— PROBLEM DESCRIPTION —
Wherever a line in the data holds the word "Court", pull that line out.
---------- DATA FOR ANALYSIS ----------
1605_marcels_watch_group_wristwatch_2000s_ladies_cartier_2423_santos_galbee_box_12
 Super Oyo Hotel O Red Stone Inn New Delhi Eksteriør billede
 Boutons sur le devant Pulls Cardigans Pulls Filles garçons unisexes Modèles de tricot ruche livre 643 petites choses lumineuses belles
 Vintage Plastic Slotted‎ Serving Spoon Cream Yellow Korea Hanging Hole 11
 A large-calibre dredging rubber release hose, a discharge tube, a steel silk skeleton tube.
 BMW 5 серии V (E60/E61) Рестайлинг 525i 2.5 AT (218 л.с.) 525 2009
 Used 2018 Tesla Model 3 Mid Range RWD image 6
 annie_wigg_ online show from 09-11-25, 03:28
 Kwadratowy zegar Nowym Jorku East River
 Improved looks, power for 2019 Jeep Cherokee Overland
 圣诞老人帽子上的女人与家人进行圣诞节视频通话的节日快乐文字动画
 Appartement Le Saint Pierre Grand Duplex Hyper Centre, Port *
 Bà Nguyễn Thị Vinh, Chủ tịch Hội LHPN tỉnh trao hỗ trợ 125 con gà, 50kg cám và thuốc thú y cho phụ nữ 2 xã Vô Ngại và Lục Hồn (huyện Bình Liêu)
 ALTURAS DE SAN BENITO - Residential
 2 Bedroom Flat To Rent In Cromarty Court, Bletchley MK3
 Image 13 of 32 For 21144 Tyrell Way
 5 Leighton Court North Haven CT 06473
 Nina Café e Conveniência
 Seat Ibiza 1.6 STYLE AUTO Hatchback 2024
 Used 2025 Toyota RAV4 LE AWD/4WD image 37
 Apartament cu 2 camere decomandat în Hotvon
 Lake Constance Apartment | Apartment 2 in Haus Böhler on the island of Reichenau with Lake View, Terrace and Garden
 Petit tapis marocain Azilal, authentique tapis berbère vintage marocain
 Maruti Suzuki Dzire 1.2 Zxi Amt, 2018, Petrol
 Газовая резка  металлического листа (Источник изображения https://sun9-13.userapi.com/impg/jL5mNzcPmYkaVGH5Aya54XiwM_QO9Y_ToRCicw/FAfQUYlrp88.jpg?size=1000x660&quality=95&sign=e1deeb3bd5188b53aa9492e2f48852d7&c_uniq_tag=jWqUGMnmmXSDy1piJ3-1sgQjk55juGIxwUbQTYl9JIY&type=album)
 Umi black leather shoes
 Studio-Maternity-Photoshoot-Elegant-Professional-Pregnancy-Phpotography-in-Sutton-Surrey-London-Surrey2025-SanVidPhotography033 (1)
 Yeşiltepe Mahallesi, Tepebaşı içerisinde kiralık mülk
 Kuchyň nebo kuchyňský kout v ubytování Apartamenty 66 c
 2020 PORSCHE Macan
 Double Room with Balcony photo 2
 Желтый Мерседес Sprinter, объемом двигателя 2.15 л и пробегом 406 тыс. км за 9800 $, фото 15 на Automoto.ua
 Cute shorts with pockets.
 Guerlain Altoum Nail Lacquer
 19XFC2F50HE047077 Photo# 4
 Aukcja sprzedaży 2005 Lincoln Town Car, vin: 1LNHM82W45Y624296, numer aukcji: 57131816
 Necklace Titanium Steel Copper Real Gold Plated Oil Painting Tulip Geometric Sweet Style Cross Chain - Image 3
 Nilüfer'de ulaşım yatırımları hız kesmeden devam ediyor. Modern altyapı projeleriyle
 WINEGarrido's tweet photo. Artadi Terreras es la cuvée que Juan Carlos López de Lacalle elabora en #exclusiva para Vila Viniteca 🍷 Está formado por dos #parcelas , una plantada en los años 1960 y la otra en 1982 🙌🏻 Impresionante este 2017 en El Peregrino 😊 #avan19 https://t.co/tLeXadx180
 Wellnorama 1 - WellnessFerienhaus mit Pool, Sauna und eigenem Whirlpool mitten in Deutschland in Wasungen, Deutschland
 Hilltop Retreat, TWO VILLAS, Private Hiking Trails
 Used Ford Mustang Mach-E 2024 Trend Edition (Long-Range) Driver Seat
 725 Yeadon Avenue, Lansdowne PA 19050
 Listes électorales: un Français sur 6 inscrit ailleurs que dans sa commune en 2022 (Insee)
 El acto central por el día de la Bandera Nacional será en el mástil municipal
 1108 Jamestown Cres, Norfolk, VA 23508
----------
— ANSWER BELOW —
 2 Bedroom Flat To Rent In Cromarty Court, Bletchley MK3
 5 Leighton Court North Haven CT 06473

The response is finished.